The real kicker, however, is that allies aren't the only ones getting scared off of trans issues; in the past few months, I've been in the same boat. Why comment about trans issues - my issues - if I'm just going to be told that I'm too ignorant to know how to talk about it?
It should be noted here that Bil is not ignorant nor callous to trans issues; he never has been and never will be. Anybody who knows Bil personally will attest to this fact. The sad fact of the matter is that he has been pushed into silence by a strong-arm force I call the "Trans Mafia," and this trend toward silencing allies is not conducive to gaining ground in terms of acceptance.

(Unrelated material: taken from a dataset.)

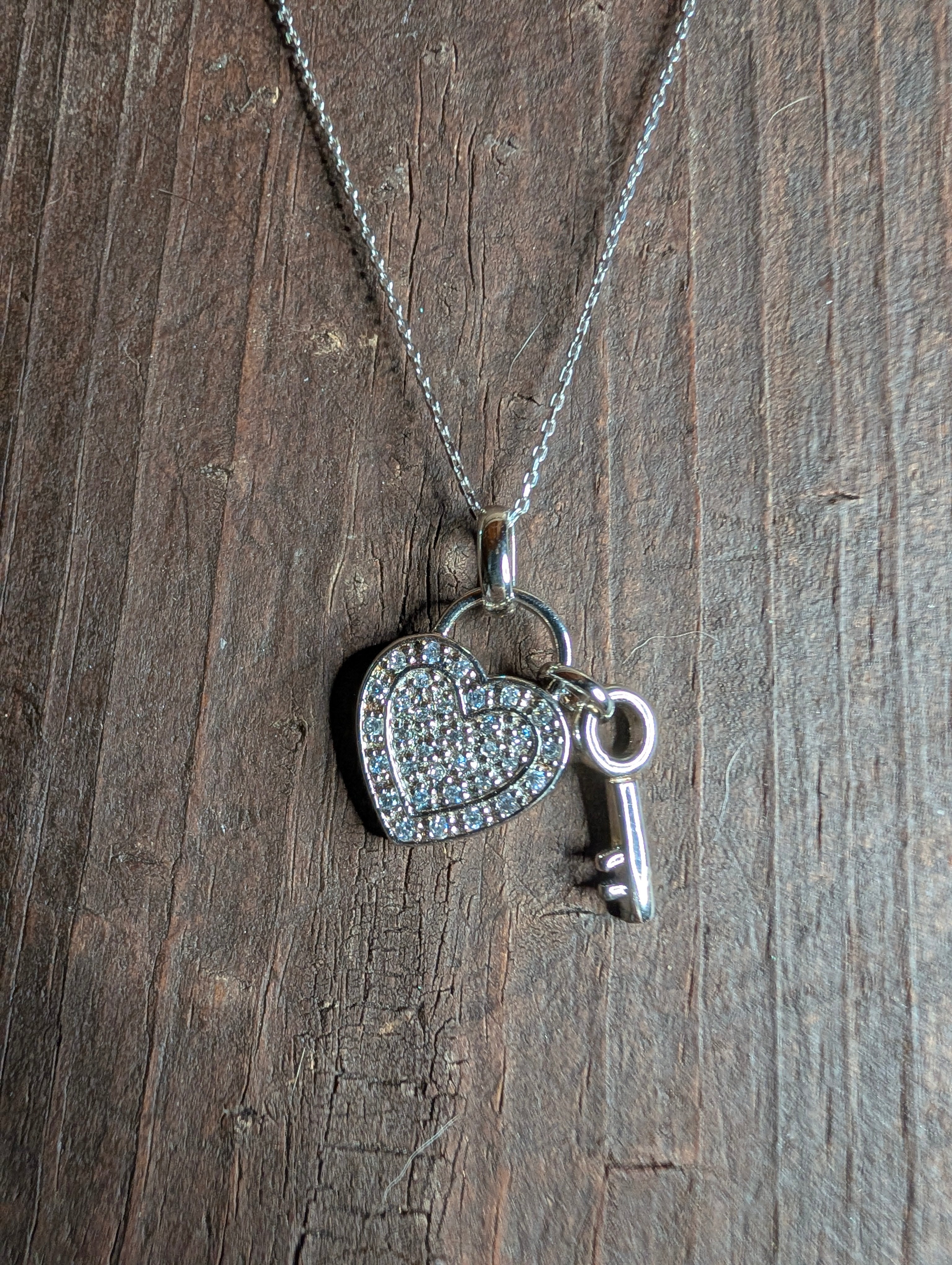 Sterling Silver CZ Heart & Key Romantic Love Necklace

Why Does the Trans Mafia Exist?
Two words: trust and agenda.
The trust side of this question should be pretty obvious for anyone who has followed LGBT issues these past few years. Trans people have often been thrown under the bus in the name of both political expediency and "ick" factor bargaining. We saw it in 2007 with SPLENDA, in New York with the separation of GENDA, and even in 2010 the "bathroom issue" continues to be the primary point of contention in passing the law. Our issues, visibility, and acceptance is approximately 20 years behind that of gay, lesbian, and bisexual people, and sometimes that separation starts to rear its ugly head in the form of "we'll come back later" pleasantries while our concerns are stripped out of bill after bill. We know that some - but not all - people in the LGBT movement are perfectly okay with throwing our concerns to one side and are always waiting for that other shoe to drop. Nothing works like paranoia to make a group trigger-happy.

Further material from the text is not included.